FIG. 2 is a diagram showing a state in which the surface of Ni of the present invention and the comparative example is concentrated.

Front page continuation (72) Inventor Moriyuki Ishiguro 1-2-1, Marunouchi, Chiyoda-ku, Tokyo Nihon Steel Pipe Co., Ltd. (72) Inventor Shigeru Mizoguchi 5893 Tamura, Hiratsuka-shi, Kanagawa High-frequency smelting stock company Shonan Works

Claims (7)

[Claims] 1. A steel member having excellent delayed fracture resistance, characterized by containing 0.25 wt% or more of Ni and having a surface Ni concentration of at least twice the internal concentration. 2. The steel member contains Ni of 0.25 to 7.0.
The steel member excellent in delayed fracture resistance according to claim 1, characterized in that the steel member contains wt%. 3. The steel member comprises C: 0.2 to 0.6 wt.
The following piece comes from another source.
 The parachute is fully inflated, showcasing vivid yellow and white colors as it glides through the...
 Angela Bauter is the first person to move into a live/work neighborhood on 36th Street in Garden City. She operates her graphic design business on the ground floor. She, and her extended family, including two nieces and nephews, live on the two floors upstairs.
%, Si: 0.2 to 2.0 wt%, Mn: 0.2 to 2.
0 wt%, P: 0.020% or less, S: 0.015 wt
% Or less, Ni: 0.25 to 7.0 wt% is contained, and the steel member excellent in delayed fracture resistance according to claim 1. 4. The steel member further comprises Cr: 0.2 to
2.0 wt%, Mo: 0.1 to 0.5 wt%, Cu:
0.05-1.0 wt%, B: 0.0003-0.00
50 wt%, Ti: 0.01 to 0.04 wt%, W:
The steel member excellent in delayed fracture resistance according to claim 1, containing at least one of 0.03 to 0.50 wt%. 5. The steel member comprises C: 0.6 to 0.9 wt.
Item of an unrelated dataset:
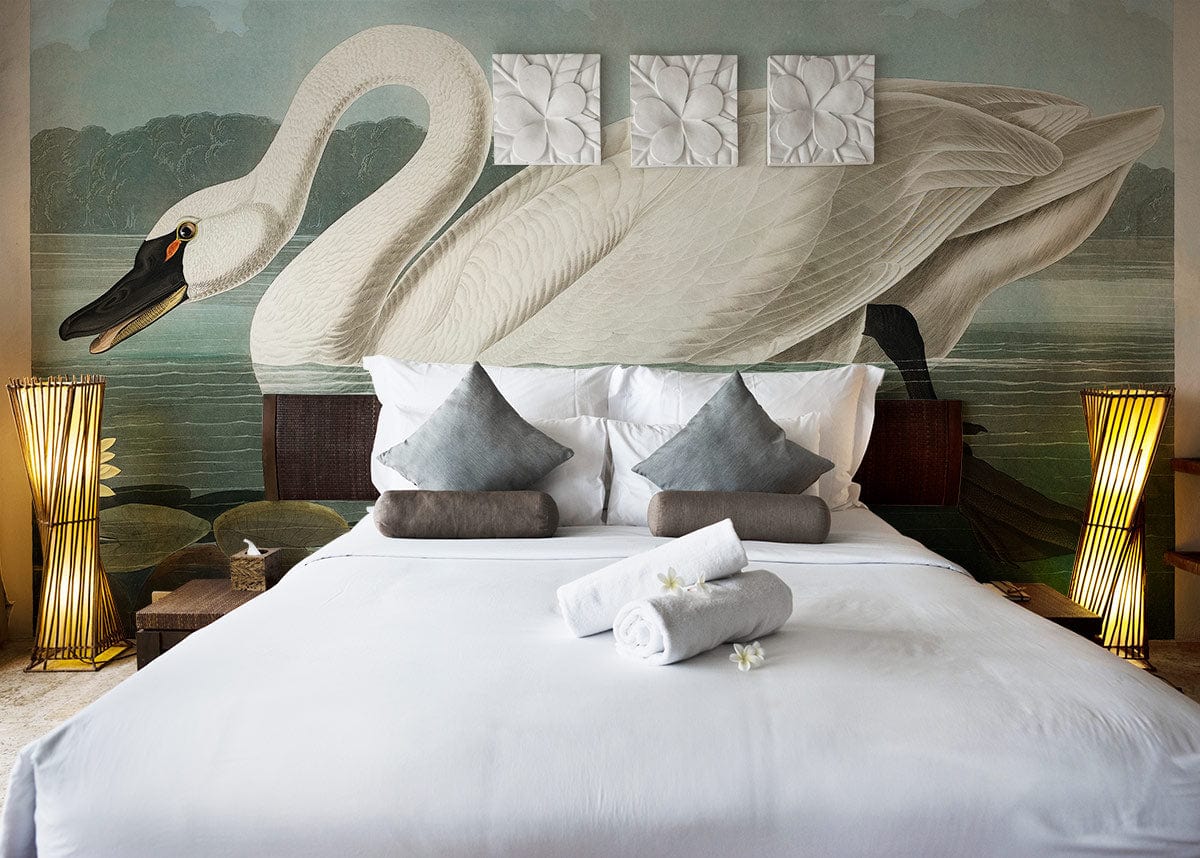 Elegant swan mural wallpaper in bedroom with white bedding, grey cushions, soft lighting, and vintage decor.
%, Si: 0.2 to 2.0 wt%, Mn: 0.2 to 2.
0 wt%, P: 0.020% or less, S: 0.015 wt
% Or less, Ni: 0.25 to 7.0 wt% is contained, and the steel member excellent in delayed fracture resistance according to claim 1. 6. The steel member further comprises Cr: 0.2 to
The steel member excellent in delayed fracture resistance according to claim 5, which contains at least one of 2.0 wt% and Cu: 0.05 to 1.0 wt%. 7. The steel member contains Ni of 0.25 to 3.0.
The steel member excellent in delayed fracture resistance according to any one of claims 1 to 6, wherein the steel member contains wt%.